If anyone is interested in viewing the conference, you can find it here along with a local news report:
Iran case graph profile matched the US. Their lag was 3 to 4 weeks. Lots of invulnerable young people exposed, deaths followed 3 to 4 weeks later. See the attached graph….
The average age of the person in the newer cases is dramatically lower, so 10,000 new cases may mean 2-5 deaths instead of 30 or 40 as in April and May.
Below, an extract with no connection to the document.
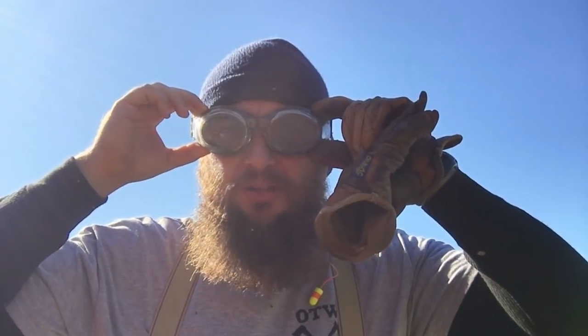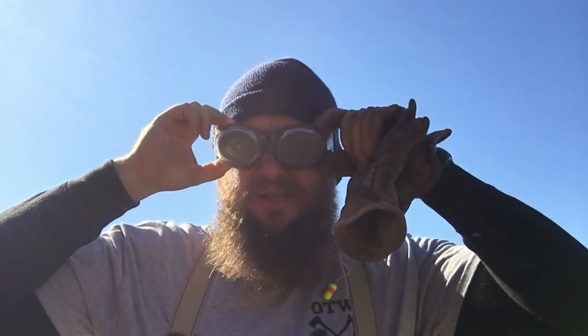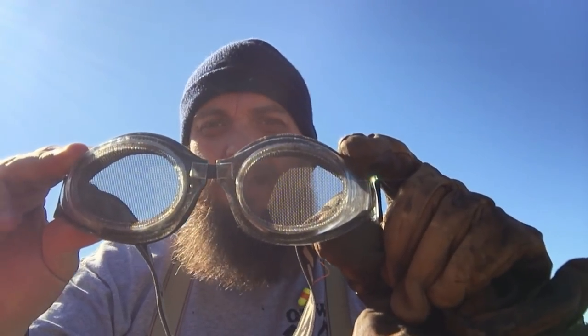I wonder what kind of glasses I'm wearing here, guys. These are some wire mesh goggles. I think the name is BUGS or BUGZ, something like that — I can't remember. Anyways, this is just safety glasses, but it's not plastic. It's got a wire mesh in there, and the reason I like these things so well is they don't fog up.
Exactly. In Florida, the average age is in the 30’s & 40’s for each county, and death rate has plummeted. Hospitals is at 4.8% for that demographic which is normal. Headlines say “17 new deaths” but the last death happened on 6/21. LTC’s are UP to 53%, but that’s the failure of whoever is in charge (still not close to the complete failure of MA & NY of 63% of deaths). But hey, the late 1960’s over a million died of a flu…/shrug
Since the 1900, these have been the worse flu epidemics in the US:
1.1918, Spanish flu, 675,000
2. 2020 Cornavirus, 127,000 and counting
3. 1957 Asian Flu, 116,000
4. 1968 Hong Kong Flu, 100,000
Be aware that at the end of the flu season, the CDC estimates the degree of undercounting, and then multiplies the recorded deaths by a factor to get the number it reports for the final number. For the flu, they normally multiply the recorded deaths by about 5. Covid numbers have been kept much more closely that for the normal flu, so I’m expected the factor to be less than 2, probably about 1.4.
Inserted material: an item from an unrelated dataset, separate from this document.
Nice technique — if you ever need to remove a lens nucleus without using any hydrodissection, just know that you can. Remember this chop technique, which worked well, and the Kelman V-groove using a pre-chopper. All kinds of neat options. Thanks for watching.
That is part of what makes me question the new case numbers. I don’t go as far as Trump on that, but there is plenty of room to find changes in new cases, or to hide them, depending on testing. When it comes to comparing data between countries it is even more difficult, because of protocol, political presentation, number of tests available etc. I know it varies widely from country to country, even within same region.
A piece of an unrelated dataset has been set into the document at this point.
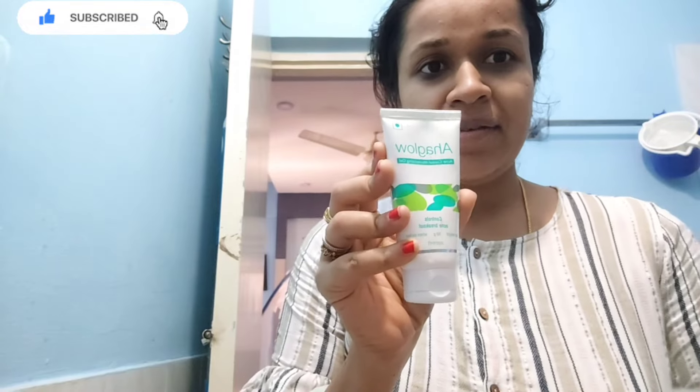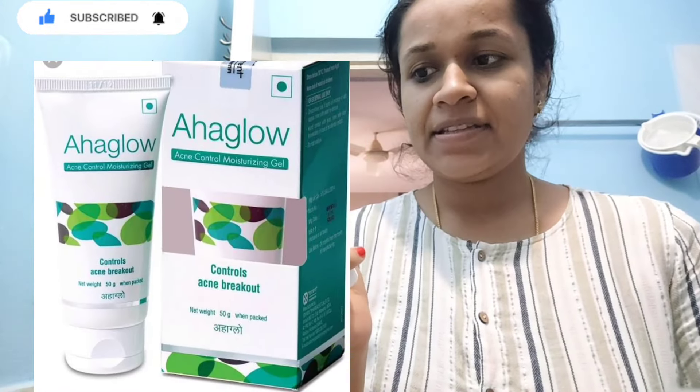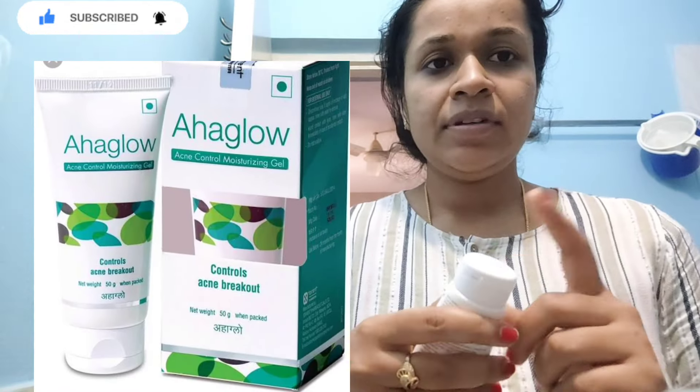I use face cream. Face cream is AHA glow. First, I use silicone sunscreen gel.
For sure lack of precaution, ending lockdown and so on will see a rise in cases and fatalities, but there is so much room to fudge the numbers that to me it is all painted with a broad brush that only provides rough trends. In EU cases are picking up again, likely not too far off US eventually but who knows. Either way, if they want to micromanage the data and media they are going to have to micromanage the restart to avoid large outbreaks, I guess the two go together in terms of policy but they really cannot return to wide lockdowns again now, I don’t think people would tolerate it. Opening to travel beyond bare nescessity is probably not wise either if they want to control the outbreak. It isn’t just that visitors bring in new points of contagion (which is well documented) , it is more the wider mixing of society which will be taken as normal – after seeing that outsiders are allowed this . You cannot restrict travel indefinitely either, so who knows where this all leads.
Prediction:
Most issues around coronavirus – at least in the US but I suspect world wide – will rapidly resolve between Nov 3 – 10 2020.